J Cancer 2014; 5(7):609-624. doi:10.7150/jca.9002 This issue
1. Biomedical Research Center, Zhongshan Hospital, Fudan University, Shanghai 200032, China;
2. Biomedical Research Center, Zhongshan Hospital Qingpu Branch, Shanghai, 201700 China;
3. Shanghai key laboratory of organ transplantation, Shanghai, 200032, China;
4. Department of Cardiothoracic Surgery, Tongji Hospital, Tongji University, Shanghai 200065, China;
5. Department of Hematology, Zhongshan Hospital, Fudan University, Shanghai 200032, China;
6. Department of Hematology, Zhongshan Hospital Qingpu Branch, Shanghai, 201700 China.
* These authors contributed equally to this work.

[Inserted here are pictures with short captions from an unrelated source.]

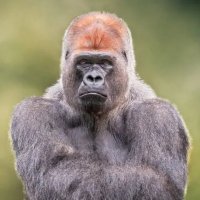 Alex Hill ๐น๐งฒ (@alexstockhill) 's Twitter Profile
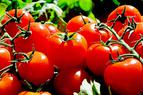 Турецкие помидоры могут попасть на российский рынок в этом сезоне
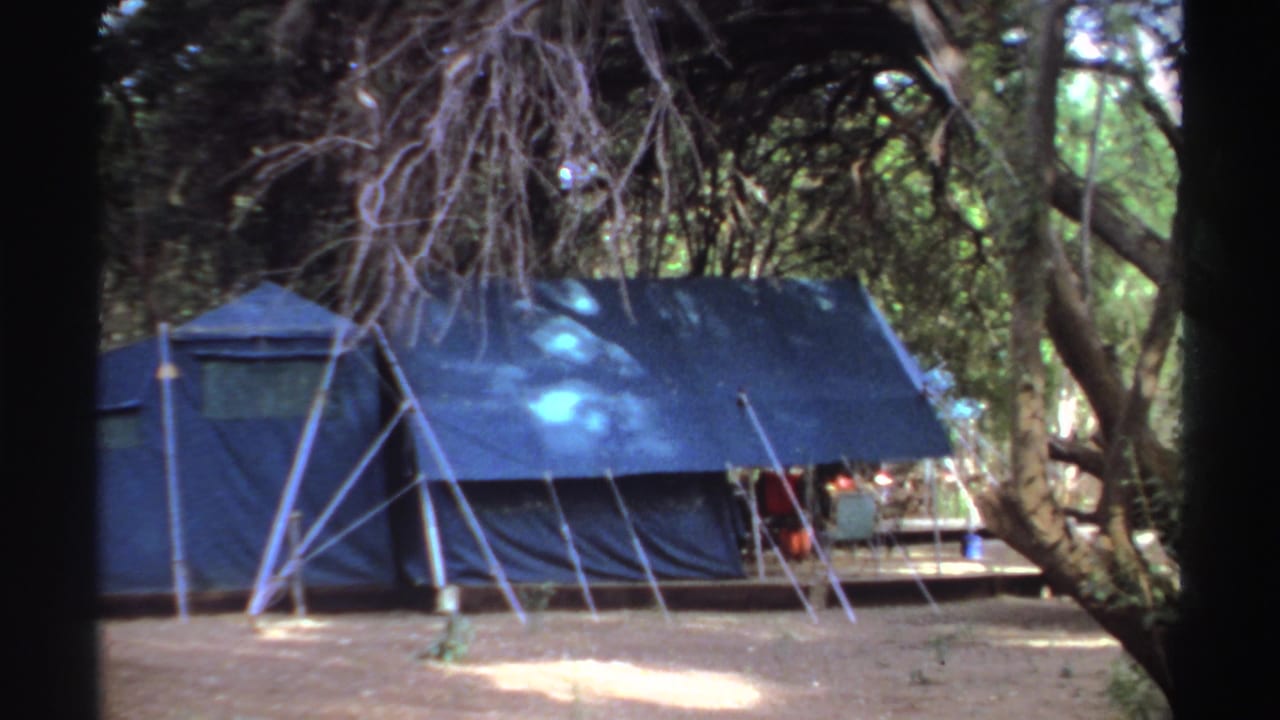 Blue canvas tent among trees with support poles and shaded sandy ground.
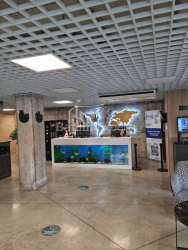 דירה 52 מ"ר - שריף חימשיאשווילי, Batumi, גאורגיה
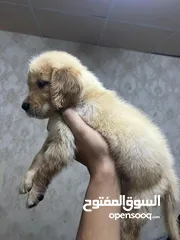  3 Golden retriever puppy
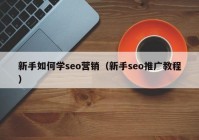 新手如何学seo营销（新手seo推广教程）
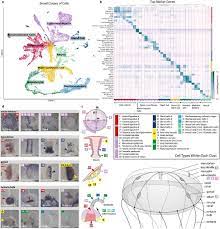 We did not find results for: Whole Animal Multiplexed Single Cell Rna Seq Reveals Plasticity Of Clytia Medusa Cell Types Biorxiv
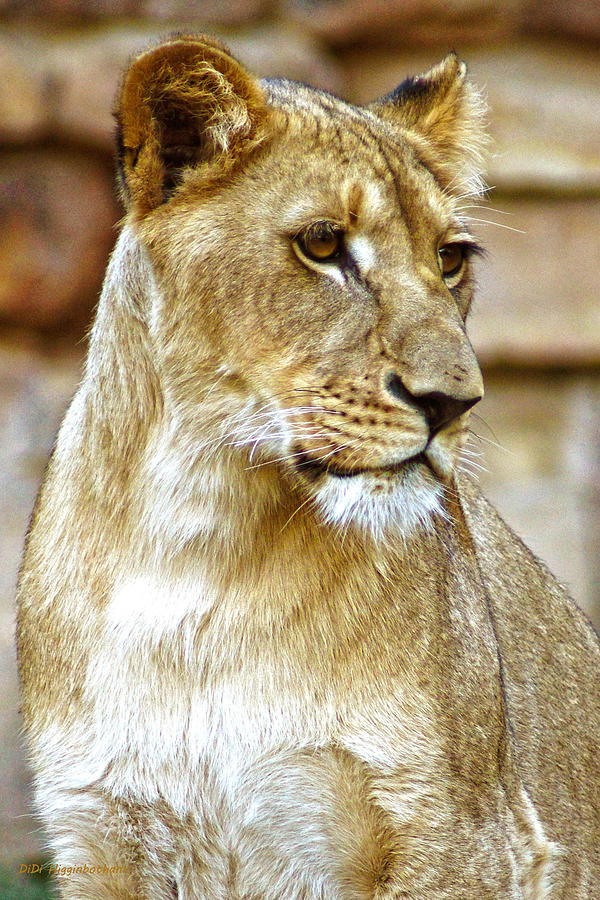 Cat Photograph - Lioness #2 by DiDi Higginbotham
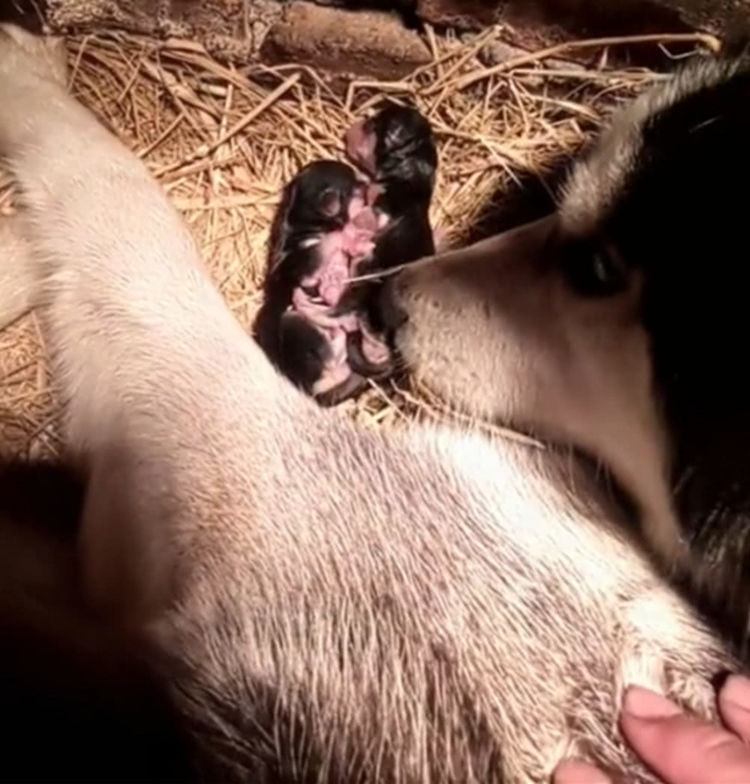 狗狗清早生下一窝宝宝,狗妈妈不停亲吻孩子,希望它们坚强一点!休闲区蓝鸢梦想 - Www.slyday.coM 狗狗清早生下一窝宝宝,狗妈妈不停亲吻孩子,希望它们坚强一点!休闲区蓝鸢梦想 - Www.slyday.coM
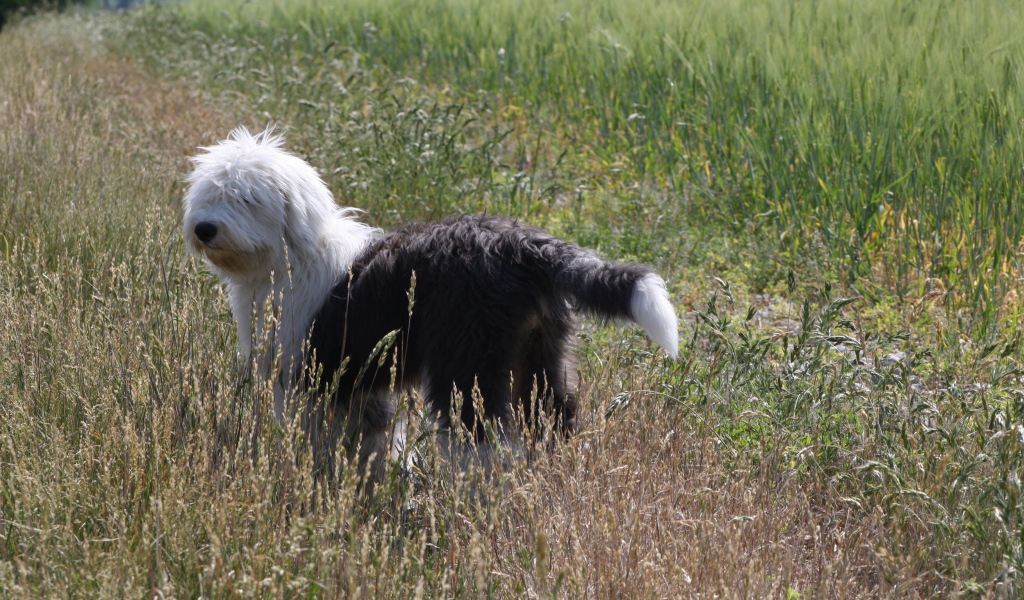 Собака породы бобтейл стоит в поле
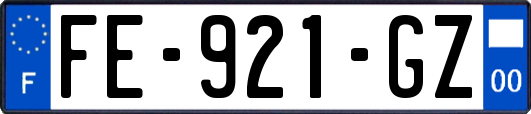 FE-921-GZ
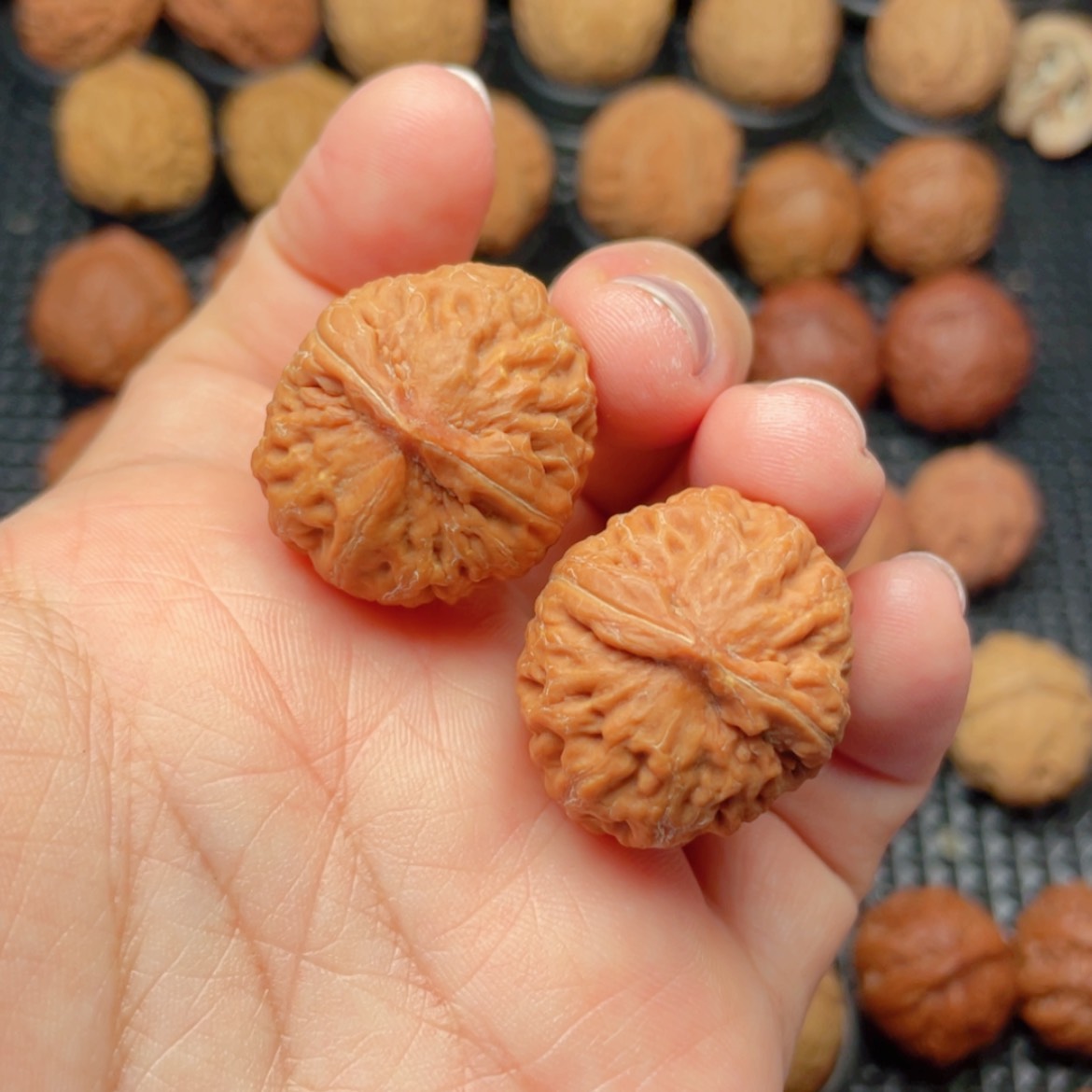 【闪购商品】把件文玩核桃圆宝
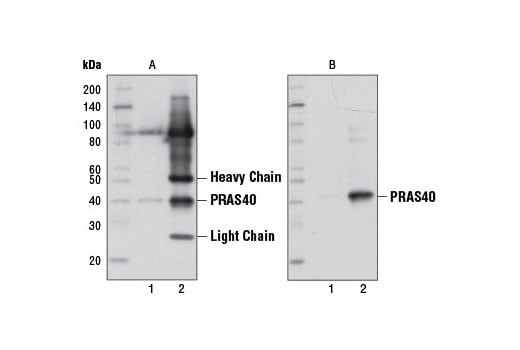 Western Blotting Image 1: Mouse Anti-rabbit IgG (Conformation Specific) (L27A9) mAb (HRP Conjugate)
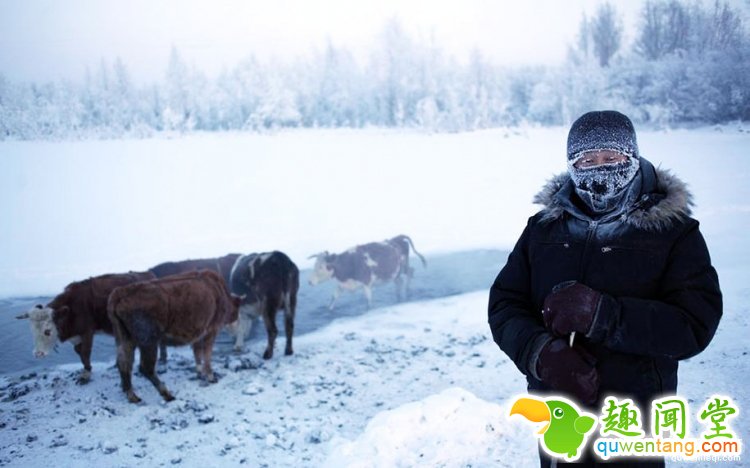 体会下西伯利亚-48℃的一天，都不敢说今年北京冷了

Pyrroloquinoline quinone (PQQ) has been reported as a promising agent that might contribute to tumor cell apoptosis and death, yet little is known on its mechanisms. In current study, the effect of PQQ on cell proliferation and mitochondrial-dependent apoptosis were examined in 3 solid tumor cell lines (A549, Neuro-2A and HCC-LM3). PQQ treatment at low to medium dosage exhibited potent anti-tumor activity on A549 and Neuro-2A cells, while had comparably minimal impact on the viabilities of 2 human normal cell lines (HRPTEpiC and HUVEC). The apoptosis of the 3 tumor cell lines induced by PQQ were increased in a concentration-dependent manner, which might be attributed to the accumulation of intracellular reactive oxygen species (ROS), decline in ATP levels and dissipation of mitochondrial membrane potential (MMP), in conjunction with down-regulation of Bcl-2 protein expression, up-regulation of activated caspase-3, and disturbed phosphorylated MAPK protein levels. PQQ induced tumor cells apoptosis was significantly alleviated by pan-caspase inhibitor Z-VAD-FMK. The present work highlights the potential capability of PQQ as an anti-tumor agent with low toxicity towards normal cells through activating mitochondrial-dependent apoptosis pathways, and warrants its development for cancer therapy.
Keywords: pyrroloquinoline quinone (PQQ), apoptosis, MAPK, mitochondrial membrane potential, bcl-2.